**PROBLEM TO SOLVE**
Range to reproduce from the entries below: the line with "2007 Toyota Camry", the line with "For sale 3 bedrooms", and every line in between. Give them exactly and give nothing else.

**DATASET RECORDS**
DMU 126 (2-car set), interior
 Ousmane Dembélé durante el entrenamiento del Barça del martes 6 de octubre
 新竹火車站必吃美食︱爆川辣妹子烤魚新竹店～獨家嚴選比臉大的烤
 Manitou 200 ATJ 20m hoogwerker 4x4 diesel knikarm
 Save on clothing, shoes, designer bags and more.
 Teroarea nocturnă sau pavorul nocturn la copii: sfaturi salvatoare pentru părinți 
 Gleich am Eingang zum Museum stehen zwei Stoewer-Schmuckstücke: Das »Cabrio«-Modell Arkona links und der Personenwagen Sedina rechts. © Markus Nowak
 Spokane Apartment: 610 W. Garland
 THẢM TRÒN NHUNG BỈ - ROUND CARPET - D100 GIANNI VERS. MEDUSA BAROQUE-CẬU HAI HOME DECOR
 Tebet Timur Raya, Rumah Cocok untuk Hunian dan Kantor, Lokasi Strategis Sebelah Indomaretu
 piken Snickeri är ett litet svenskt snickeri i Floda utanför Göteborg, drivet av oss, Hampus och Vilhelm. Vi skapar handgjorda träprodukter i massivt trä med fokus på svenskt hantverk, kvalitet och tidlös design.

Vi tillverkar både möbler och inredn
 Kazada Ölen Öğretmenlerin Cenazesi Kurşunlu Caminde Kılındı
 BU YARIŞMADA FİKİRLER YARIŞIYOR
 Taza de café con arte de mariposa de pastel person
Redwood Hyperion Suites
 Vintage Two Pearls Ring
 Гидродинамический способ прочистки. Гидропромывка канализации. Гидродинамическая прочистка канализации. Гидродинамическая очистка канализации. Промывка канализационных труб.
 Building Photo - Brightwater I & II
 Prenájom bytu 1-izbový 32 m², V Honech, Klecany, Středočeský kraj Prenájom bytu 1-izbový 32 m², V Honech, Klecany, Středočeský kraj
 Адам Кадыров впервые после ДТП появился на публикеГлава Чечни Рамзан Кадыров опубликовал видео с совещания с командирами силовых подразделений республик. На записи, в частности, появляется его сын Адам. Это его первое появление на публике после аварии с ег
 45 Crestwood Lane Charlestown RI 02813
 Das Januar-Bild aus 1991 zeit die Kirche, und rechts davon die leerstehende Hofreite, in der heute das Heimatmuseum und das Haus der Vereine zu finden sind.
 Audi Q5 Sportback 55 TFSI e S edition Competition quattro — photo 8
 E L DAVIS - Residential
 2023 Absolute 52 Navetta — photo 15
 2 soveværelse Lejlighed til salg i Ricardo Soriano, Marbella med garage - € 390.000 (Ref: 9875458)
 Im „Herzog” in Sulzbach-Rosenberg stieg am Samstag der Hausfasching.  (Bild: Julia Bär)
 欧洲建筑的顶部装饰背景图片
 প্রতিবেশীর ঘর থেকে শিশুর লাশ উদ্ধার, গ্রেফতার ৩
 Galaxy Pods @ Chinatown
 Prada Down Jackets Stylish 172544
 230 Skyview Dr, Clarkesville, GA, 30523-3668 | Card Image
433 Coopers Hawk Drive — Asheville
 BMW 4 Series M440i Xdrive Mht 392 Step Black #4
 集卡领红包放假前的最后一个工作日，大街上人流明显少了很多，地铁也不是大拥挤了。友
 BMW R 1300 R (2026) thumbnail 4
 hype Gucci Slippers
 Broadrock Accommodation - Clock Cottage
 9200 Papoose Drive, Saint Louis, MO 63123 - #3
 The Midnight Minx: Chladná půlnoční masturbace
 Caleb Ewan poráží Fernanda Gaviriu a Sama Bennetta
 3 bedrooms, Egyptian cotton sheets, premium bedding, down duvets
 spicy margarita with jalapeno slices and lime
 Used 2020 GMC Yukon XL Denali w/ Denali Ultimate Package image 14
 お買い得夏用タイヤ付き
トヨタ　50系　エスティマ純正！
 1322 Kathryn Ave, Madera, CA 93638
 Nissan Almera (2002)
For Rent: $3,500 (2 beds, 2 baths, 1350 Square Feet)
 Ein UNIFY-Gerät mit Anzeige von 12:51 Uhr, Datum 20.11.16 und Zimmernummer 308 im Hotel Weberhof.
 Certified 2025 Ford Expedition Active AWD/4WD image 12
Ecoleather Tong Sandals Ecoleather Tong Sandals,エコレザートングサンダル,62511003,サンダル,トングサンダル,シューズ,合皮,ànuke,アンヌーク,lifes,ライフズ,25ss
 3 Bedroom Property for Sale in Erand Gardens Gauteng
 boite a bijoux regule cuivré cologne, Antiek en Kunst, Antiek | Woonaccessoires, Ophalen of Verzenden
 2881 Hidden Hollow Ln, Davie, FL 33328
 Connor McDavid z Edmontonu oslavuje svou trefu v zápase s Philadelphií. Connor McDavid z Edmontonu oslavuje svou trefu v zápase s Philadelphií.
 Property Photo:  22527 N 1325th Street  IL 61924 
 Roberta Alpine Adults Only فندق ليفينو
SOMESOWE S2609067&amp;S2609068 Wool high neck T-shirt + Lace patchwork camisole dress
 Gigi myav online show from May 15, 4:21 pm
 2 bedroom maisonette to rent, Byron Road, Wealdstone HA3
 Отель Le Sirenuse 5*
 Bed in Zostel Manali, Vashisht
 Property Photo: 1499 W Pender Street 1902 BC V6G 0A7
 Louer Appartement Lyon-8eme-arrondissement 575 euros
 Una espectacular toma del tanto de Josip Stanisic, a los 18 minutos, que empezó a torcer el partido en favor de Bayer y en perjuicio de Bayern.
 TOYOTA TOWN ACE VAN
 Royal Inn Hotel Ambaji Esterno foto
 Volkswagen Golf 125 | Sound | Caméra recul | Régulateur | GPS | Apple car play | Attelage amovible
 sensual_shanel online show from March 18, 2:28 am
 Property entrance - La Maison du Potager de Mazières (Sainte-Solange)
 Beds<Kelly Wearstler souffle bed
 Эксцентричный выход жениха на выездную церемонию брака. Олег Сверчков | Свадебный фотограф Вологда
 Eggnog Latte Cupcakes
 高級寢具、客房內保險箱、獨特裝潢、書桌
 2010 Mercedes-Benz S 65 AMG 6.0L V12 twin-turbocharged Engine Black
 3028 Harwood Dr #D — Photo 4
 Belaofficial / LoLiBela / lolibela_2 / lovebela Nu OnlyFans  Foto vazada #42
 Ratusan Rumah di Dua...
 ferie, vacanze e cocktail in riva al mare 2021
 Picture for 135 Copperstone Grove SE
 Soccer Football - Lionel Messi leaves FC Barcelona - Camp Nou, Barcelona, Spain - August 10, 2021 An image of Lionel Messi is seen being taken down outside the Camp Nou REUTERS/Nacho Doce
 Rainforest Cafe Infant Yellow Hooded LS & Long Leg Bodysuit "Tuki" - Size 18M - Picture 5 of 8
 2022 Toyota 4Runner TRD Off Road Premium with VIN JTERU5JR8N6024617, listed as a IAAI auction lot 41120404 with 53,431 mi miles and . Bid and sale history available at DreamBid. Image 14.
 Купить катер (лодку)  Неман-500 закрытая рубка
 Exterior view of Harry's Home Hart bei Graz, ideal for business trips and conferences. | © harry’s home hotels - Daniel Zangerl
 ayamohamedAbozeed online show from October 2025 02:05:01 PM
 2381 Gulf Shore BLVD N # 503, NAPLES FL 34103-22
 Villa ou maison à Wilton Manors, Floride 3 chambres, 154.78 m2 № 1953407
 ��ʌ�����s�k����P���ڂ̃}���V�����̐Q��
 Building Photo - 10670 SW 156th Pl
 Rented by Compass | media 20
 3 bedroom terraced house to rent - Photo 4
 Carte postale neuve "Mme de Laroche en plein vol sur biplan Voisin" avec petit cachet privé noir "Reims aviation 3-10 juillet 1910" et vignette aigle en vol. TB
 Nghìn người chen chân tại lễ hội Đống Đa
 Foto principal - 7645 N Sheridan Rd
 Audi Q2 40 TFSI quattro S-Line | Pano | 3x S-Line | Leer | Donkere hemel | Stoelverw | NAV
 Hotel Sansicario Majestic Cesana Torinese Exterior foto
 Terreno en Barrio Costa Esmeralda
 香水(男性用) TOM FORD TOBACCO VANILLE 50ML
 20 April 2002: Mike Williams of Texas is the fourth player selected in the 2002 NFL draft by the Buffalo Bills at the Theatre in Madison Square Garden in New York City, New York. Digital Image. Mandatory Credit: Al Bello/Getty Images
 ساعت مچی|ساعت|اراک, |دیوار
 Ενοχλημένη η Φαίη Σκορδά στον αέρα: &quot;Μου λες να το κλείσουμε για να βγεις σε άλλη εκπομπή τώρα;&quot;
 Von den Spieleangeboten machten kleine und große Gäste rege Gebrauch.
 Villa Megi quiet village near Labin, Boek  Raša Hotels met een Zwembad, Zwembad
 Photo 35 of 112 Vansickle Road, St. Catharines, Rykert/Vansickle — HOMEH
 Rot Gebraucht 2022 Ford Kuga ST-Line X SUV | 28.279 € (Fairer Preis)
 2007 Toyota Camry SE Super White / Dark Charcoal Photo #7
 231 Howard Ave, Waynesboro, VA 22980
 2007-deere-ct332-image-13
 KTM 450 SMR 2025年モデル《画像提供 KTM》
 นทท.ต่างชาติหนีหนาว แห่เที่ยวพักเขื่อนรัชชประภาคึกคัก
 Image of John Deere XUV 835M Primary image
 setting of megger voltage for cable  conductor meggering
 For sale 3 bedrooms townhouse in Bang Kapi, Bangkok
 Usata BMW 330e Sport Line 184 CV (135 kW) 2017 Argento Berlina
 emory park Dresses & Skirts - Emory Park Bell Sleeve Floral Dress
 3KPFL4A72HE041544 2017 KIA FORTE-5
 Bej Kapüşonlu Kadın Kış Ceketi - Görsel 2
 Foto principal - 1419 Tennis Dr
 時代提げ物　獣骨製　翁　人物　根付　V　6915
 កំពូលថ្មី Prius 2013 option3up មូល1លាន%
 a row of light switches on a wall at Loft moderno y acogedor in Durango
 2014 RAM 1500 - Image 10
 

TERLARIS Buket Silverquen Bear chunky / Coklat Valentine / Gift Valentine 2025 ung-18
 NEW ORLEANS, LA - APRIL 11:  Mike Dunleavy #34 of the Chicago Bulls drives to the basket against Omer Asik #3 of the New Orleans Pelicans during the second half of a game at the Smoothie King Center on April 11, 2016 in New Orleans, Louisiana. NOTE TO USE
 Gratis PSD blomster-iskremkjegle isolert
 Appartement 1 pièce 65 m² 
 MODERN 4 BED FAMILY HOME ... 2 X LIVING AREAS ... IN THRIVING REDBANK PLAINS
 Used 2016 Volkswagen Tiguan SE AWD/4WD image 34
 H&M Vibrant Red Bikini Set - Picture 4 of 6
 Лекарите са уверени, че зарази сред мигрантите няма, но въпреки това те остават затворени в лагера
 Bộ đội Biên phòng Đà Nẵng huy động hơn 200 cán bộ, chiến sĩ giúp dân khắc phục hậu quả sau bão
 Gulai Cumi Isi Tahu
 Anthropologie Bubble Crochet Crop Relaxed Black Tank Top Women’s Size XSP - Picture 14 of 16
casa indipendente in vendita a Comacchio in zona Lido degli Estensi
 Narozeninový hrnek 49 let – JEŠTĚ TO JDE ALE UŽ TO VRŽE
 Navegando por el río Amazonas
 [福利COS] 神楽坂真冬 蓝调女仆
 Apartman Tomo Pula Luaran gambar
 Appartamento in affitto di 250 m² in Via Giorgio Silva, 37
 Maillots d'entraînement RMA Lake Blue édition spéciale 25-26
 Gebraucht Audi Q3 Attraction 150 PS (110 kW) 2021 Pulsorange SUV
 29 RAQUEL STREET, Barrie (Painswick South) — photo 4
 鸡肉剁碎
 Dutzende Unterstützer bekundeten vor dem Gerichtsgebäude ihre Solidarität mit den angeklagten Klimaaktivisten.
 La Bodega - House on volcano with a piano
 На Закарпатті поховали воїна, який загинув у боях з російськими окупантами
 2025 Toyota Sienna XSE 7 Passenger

**EXERCISE OUTPUT**
 2007 Toyota Camry SE Super White / Dark Charcoal Photo #7
 231 Howard Ave, Waynesboro, VA 22980
 2007-deere-ct332-image-13
 KTM 450 SMR 2025年モデル《画像提供 KTM》
 นทท.ต่างชาติหนีหนาว แห่เที่ยวพักเขื่อนรัชชประภาคึกคัก
 Image of John Deere XUV 835M Primary image
 setting of megger voltage for cable  conductor meggering
 For sale 3 bedrooms townhouse in Bang Kapi, Bangkok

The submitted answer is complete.